The Rebbe worked in several factories, the last of which was a shoe factory run by a man named Schultz, who employed other Hasidic Rebbes and prominent rabbis. Out of fear that the Nazis were pursuing him, he moved from place to place constantly. When the deportations began, the Rebbe hid in a shop on 67 Gensha (Gęsia) Street. He died there of heart failure on 17 November 1942 (8 Kislev 5703).

He was the last person to be buried in the Gensha (Gęsia) Street cemetery in Warsaw, and 500 Jews attended his funeral. The day after the funeral, the Nazis closed off the cemetery.

==Legacy and successor==
The Rebbe's wife, sons, daughters, sons-in-law and grandchildren were all murdered by the Nazis in the spring of 1943. Additionally, almost all of the Rebbe's many manuscripts were destroyed, save for a few pages containing chidushim (new Torah thoughts) on the Passover Haggadah. These pages were later published as Chasdei Dovid together with the ninth volume of Shem Mishmuel, his father's work, which deals with the Haggadah.
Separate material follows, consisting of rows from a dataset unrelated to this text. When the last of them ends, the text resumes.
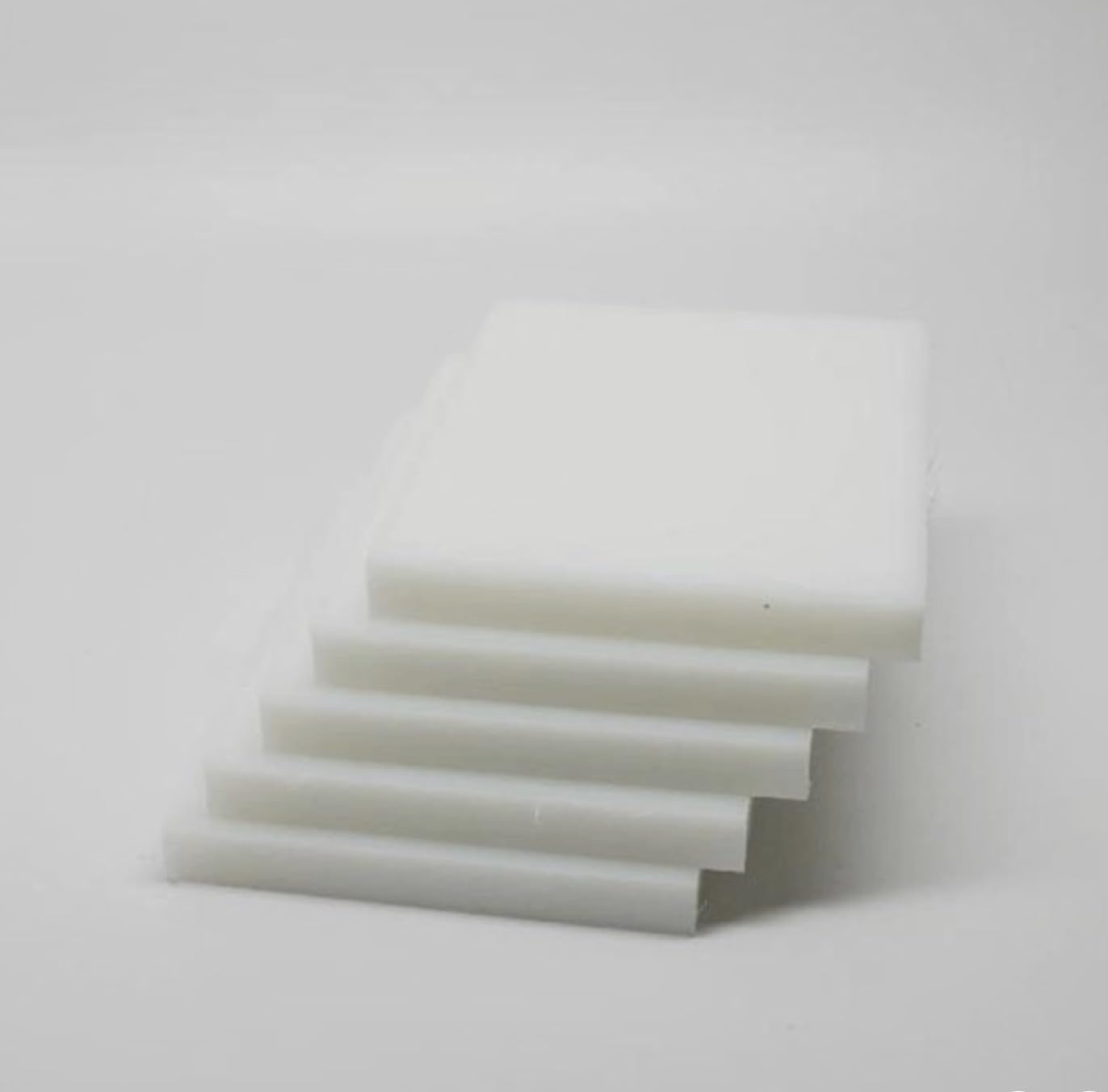 HDPE (High Density Polyethylene) Plastic Sheet 3/8" x 6" x 12" Natural - Pack of 5 Pieces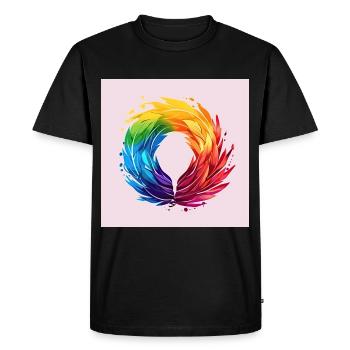 Feathered Royalty: Colorful LGTBQ+ Crown Art Print - Men's Premium Organic T-Shirt - black - Front - Nico (187cm)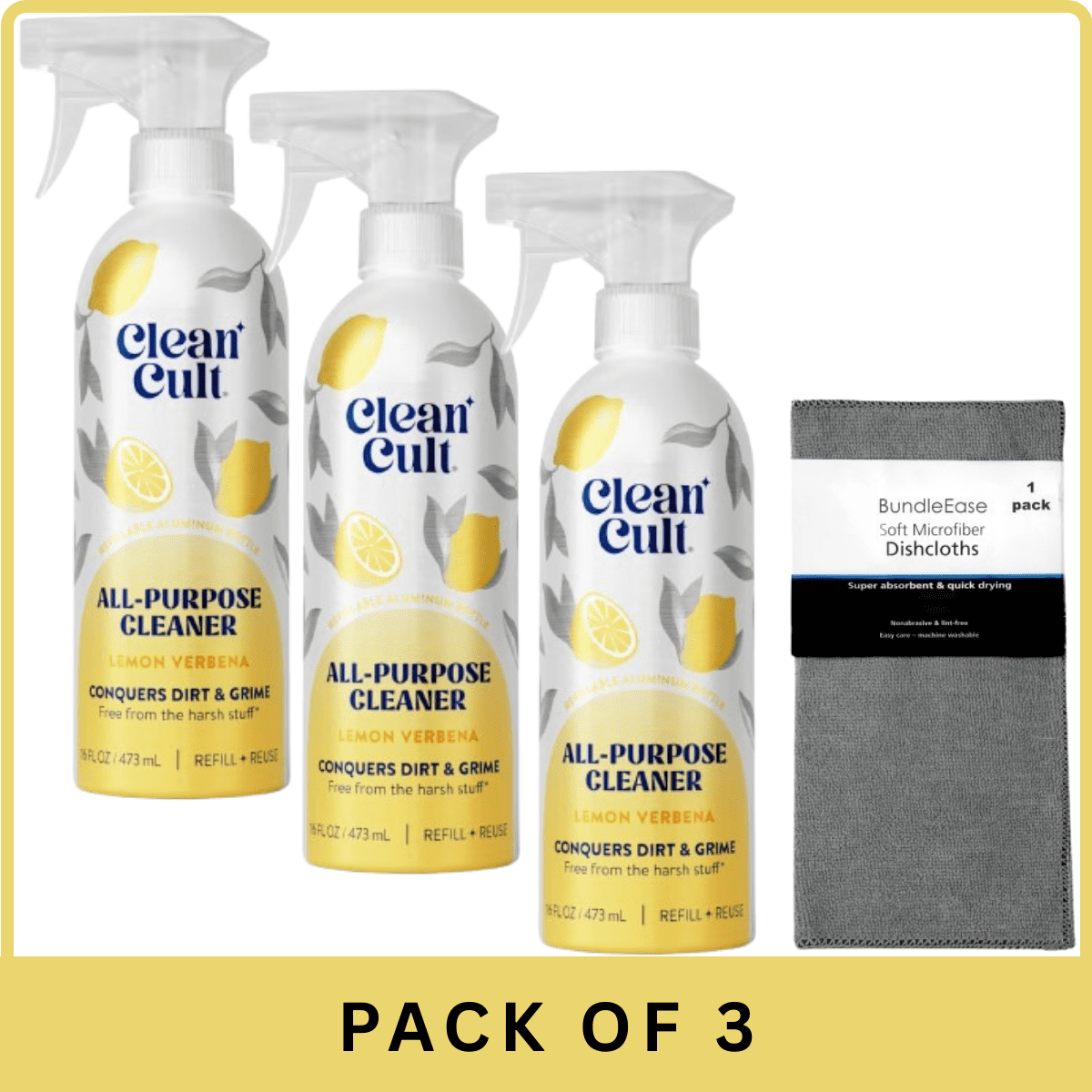 Cleancult All Purpose Cleaner Refill - Lemon Verbena-16oz-3pk, With Microfiber Solid Color Towel By BundleEase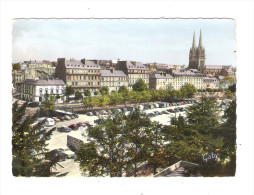 29 - QUIMPER -vue Générale Place De La Résistance Voitures Camion TRANSPORTS ROUTIERS FRET LUZIEN Tube Citroen 1961 - Camions & Poids Lourds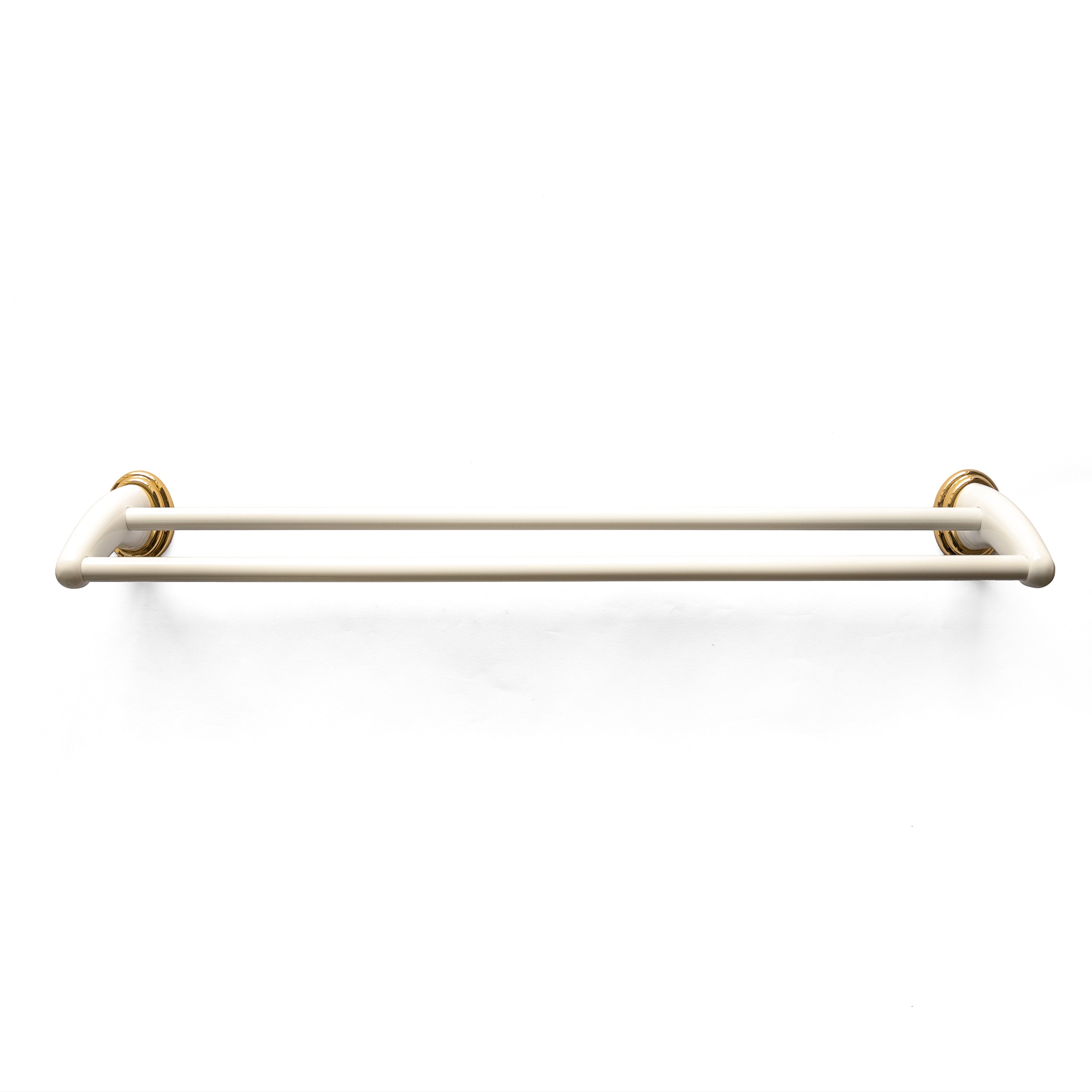 A gold*White-colored double towel bar against a white background.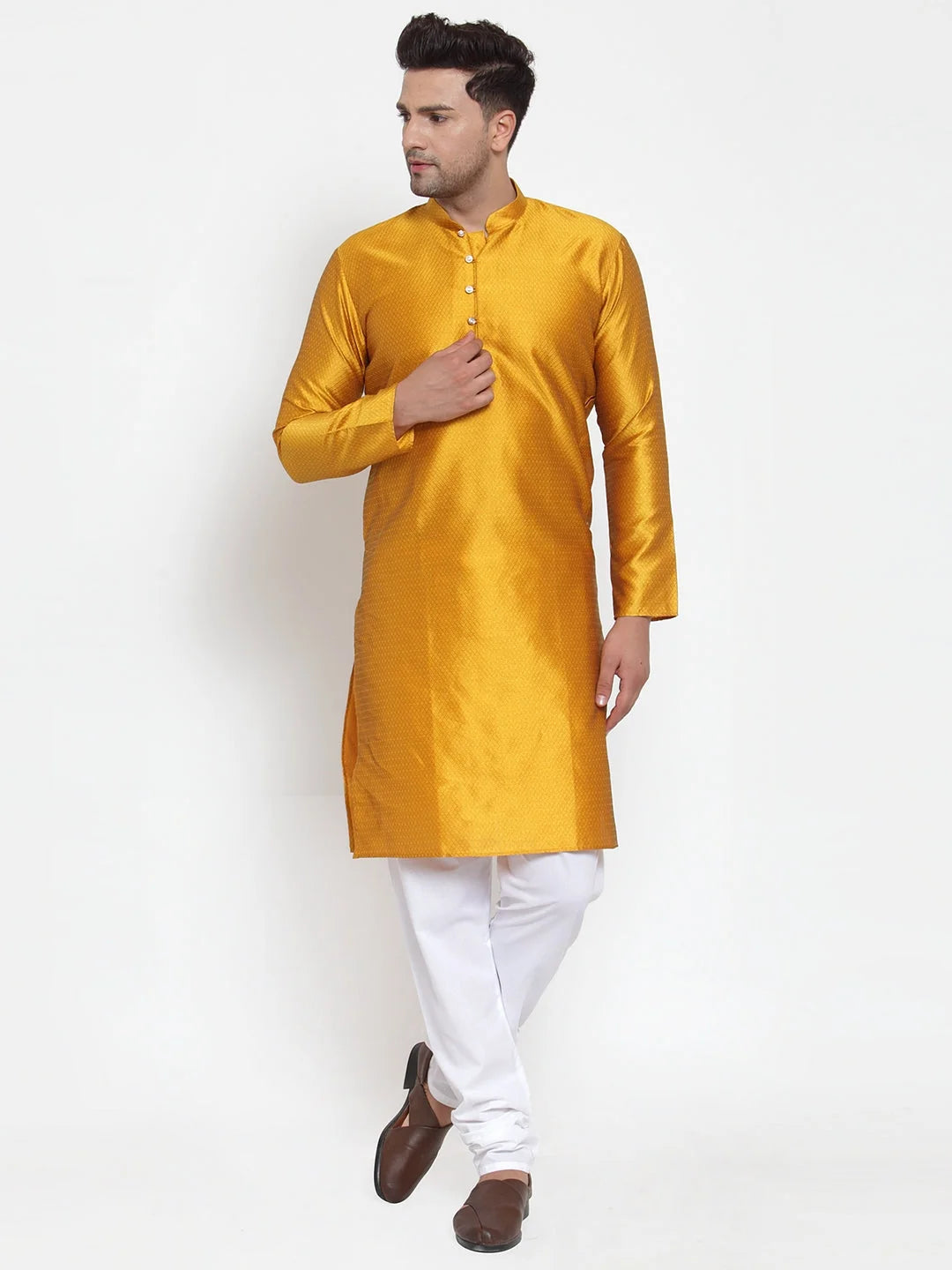 Men's Yellow Jacquard Indian Kurta | Shop Kurtas Online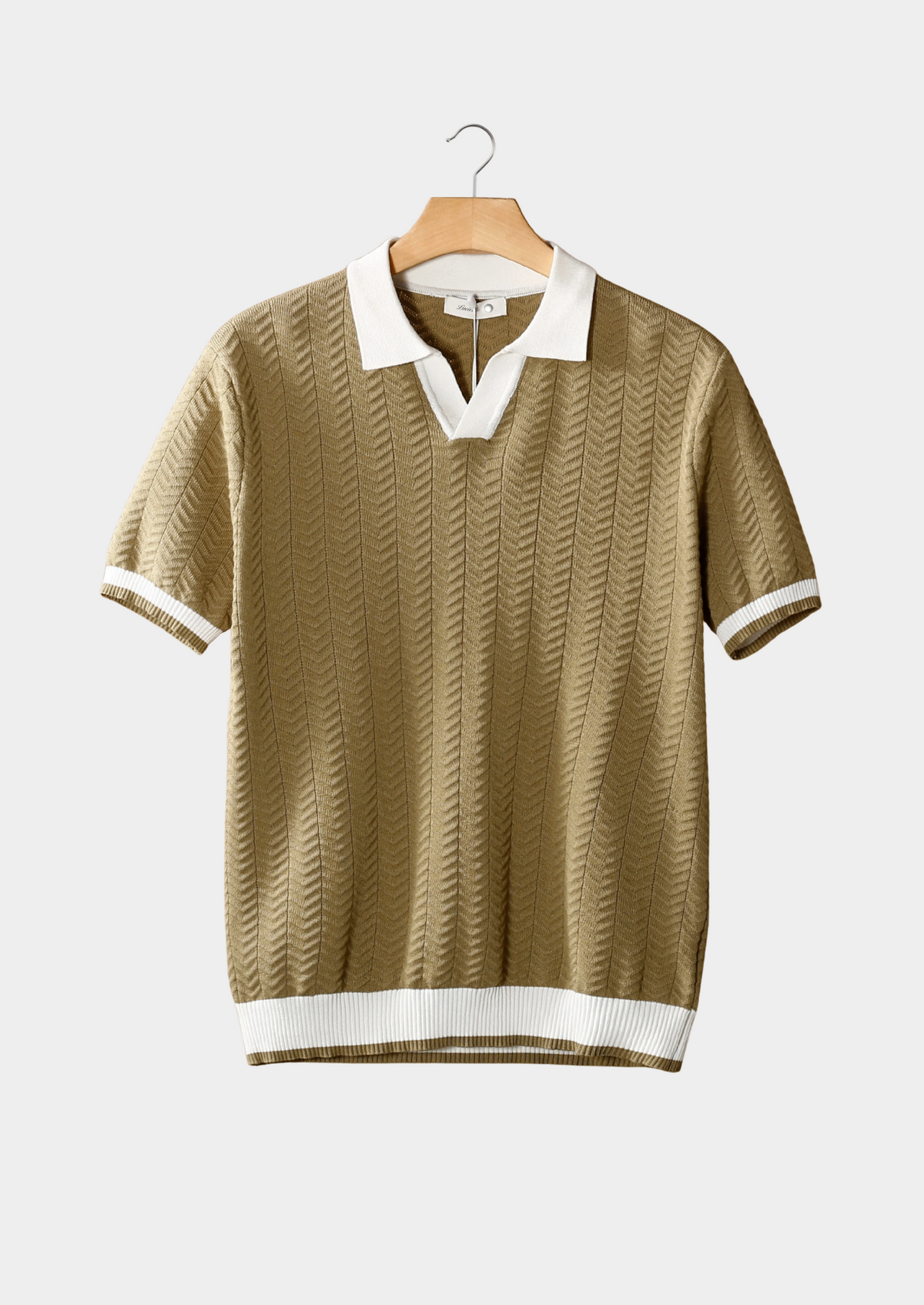 Almond Contrast Textured Polo by SATRI & CO. – product view 1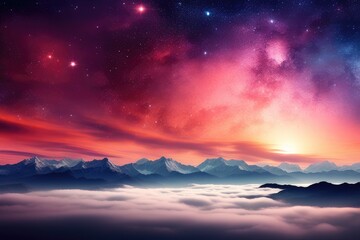 Fantasy Galaxy Landscape Background. Generative AI
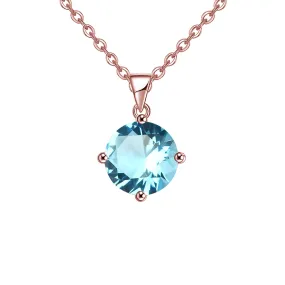 18K Rose Gold 1/2 Carat Created Aquamarine Round Stud Necklace Plated 18 inch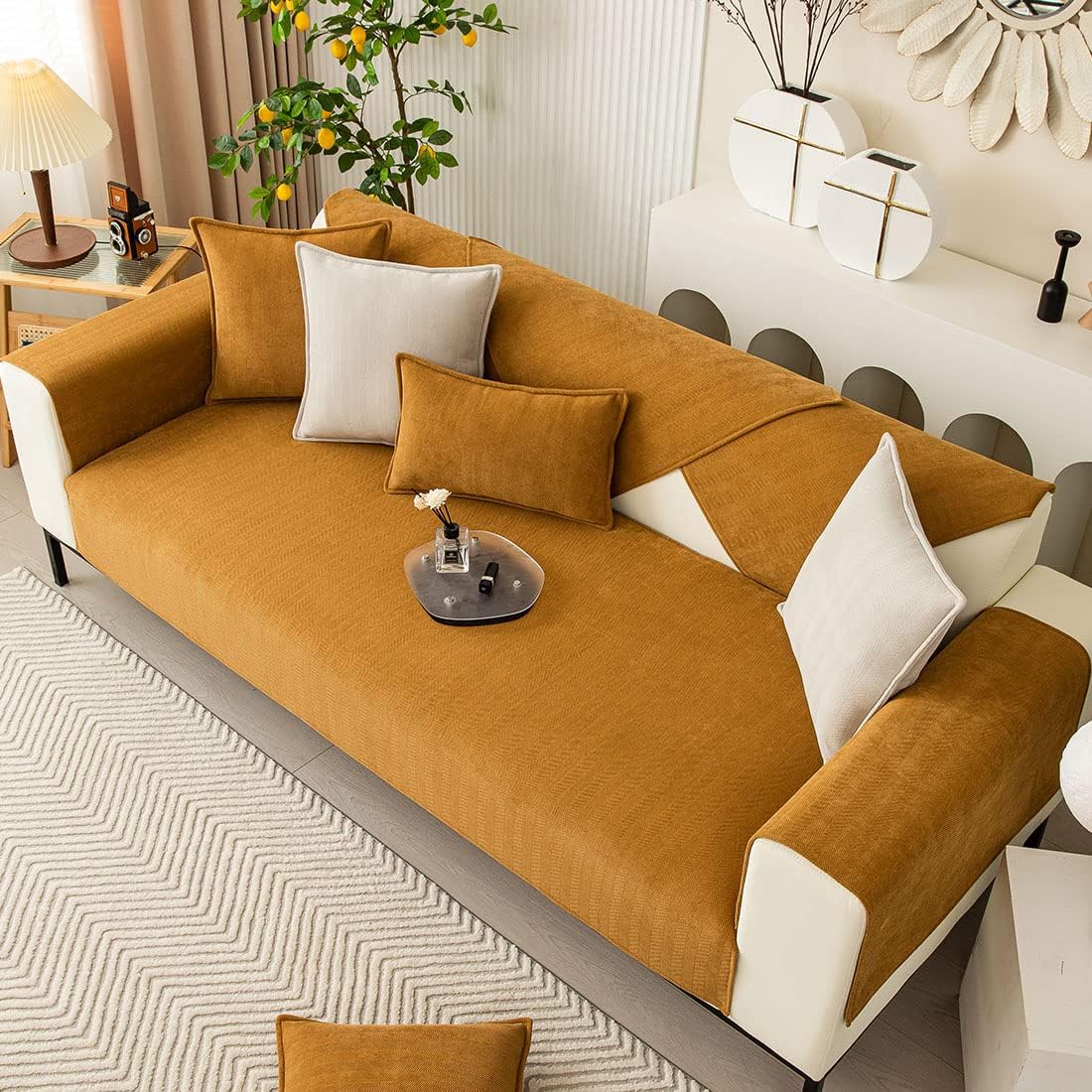 vctops Farmhouse Chevron Stripe Sofa Slipcover Furniture Protector Solid Color Sectional Couch Cover Non Slip Soft Sofa Cover for Dogs, Cats, Children, Pets (Dark Orange,43"x63")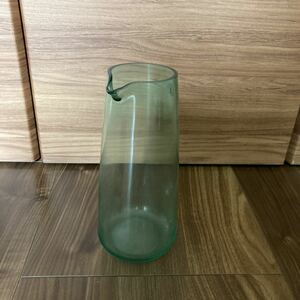 IKEA ガラス 花瓶 ピッチャー 水差し グリーン 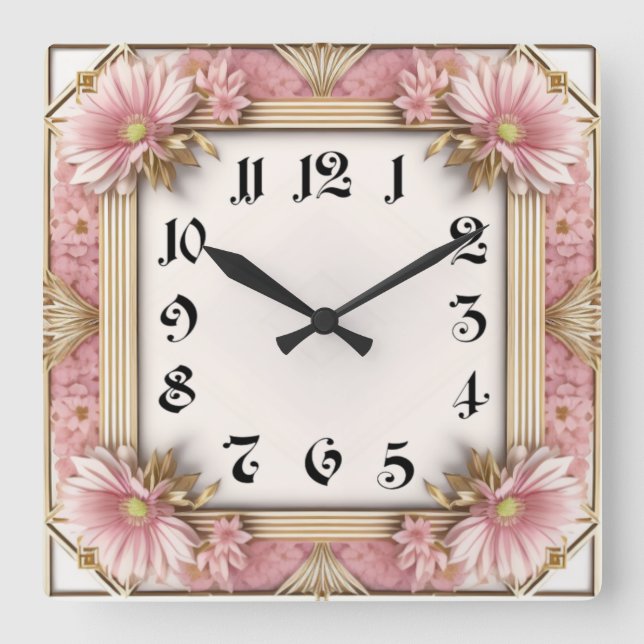 Art Deco Flower Pink Fyrkantig Klocka (Framsida)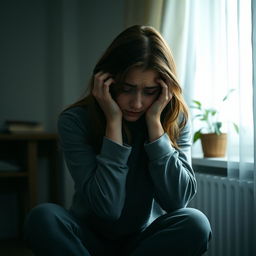 A woman sitting in a contemplative pose, expressing deep sadness, with her hands cradling her head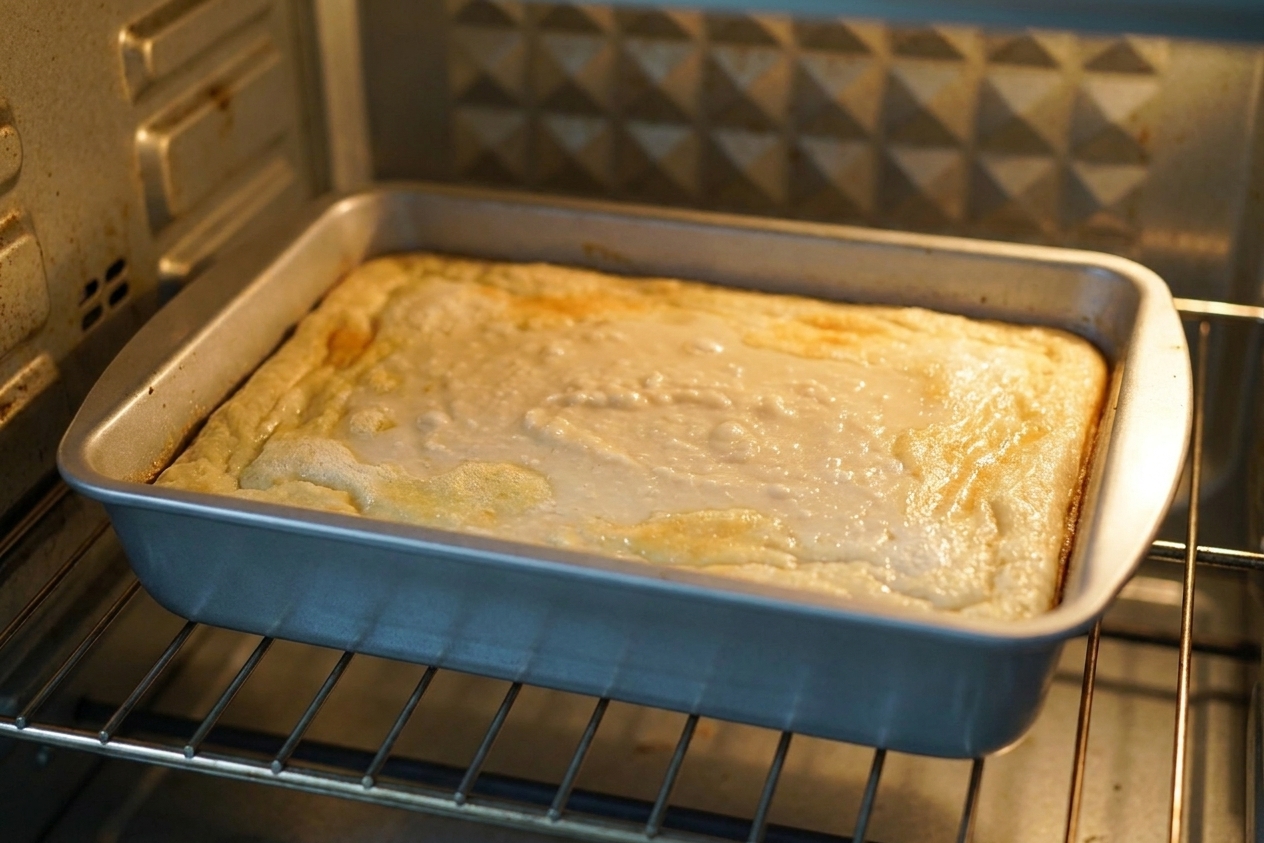 A baking pan of cassava cake in the oven with the top beginning to set and the edges turning pale golden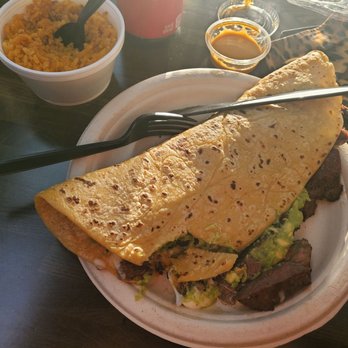 Suazo’s Tacos - Ribeye quesadilla and side of rice - Tacos Near Me - Stanton, California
The mantle of leadership of the Sochatchover Hasidim passed to his brother, Rabbi Chanoch Henoch, who had established a beth midrash in Bayit Vegan, Israel.

==Quotes==
- "We humans chase over the world to find things: We climb high mountains; we descend to the depths of the sea; we trek to the wilderness and the desert. There is one place where we neglect to search — our heart. But it is there we will find God".

==Notable Hasidim==
- Rabbi Yehoshua Moshe Aronsohn, rabbi of Petach Tikva
- Rabbi Aryeh Tzvi Frumer
- Rabbi Shlomo Zev Zweigenhaft

==Rebbes of Sochatchov==
1. Avrohom Bornsztain, the Avnei Nezer (1838–1910)
2. Shmuel Bornsztain, the Shem Mishmuel (1856–1926)
3. Dovid Bornsztain (1876–1942)
4. Chanoch Henoch Bornsztain (d. 1965)
5. Menachem Shlomo Bornsztain (1934–1969)
6. Shmuel Bornsztain (b. 1961)

==Bibliography==
- M. Galas, Bornstein Dawida z Sochaczewa, [in:] Z. Borzymowska, R. Żebrowski (ed.), Polski słownik judaistyczny. Dzieje – kultura – religia – ludzie, vol. 1, Warsaw 2003, p. 220 (in Polish).
- Andrzej Kempa, Marek Szukalak, The Biographical Dictionary of the Jews from Lodz, Łódź 2006, p. 34.
- Krzysztof Tomasz Witczak, Słownik biograficzny Żydów tomaszowskich Biographical Dictionary of the Jews from Tomaszów Mazowiecki, Łódź - Tomaszów Mazowiecki 2010, ISBN 978-83-7525-358-0. p. 64 (D. Bornstein's biographical note; in Polish).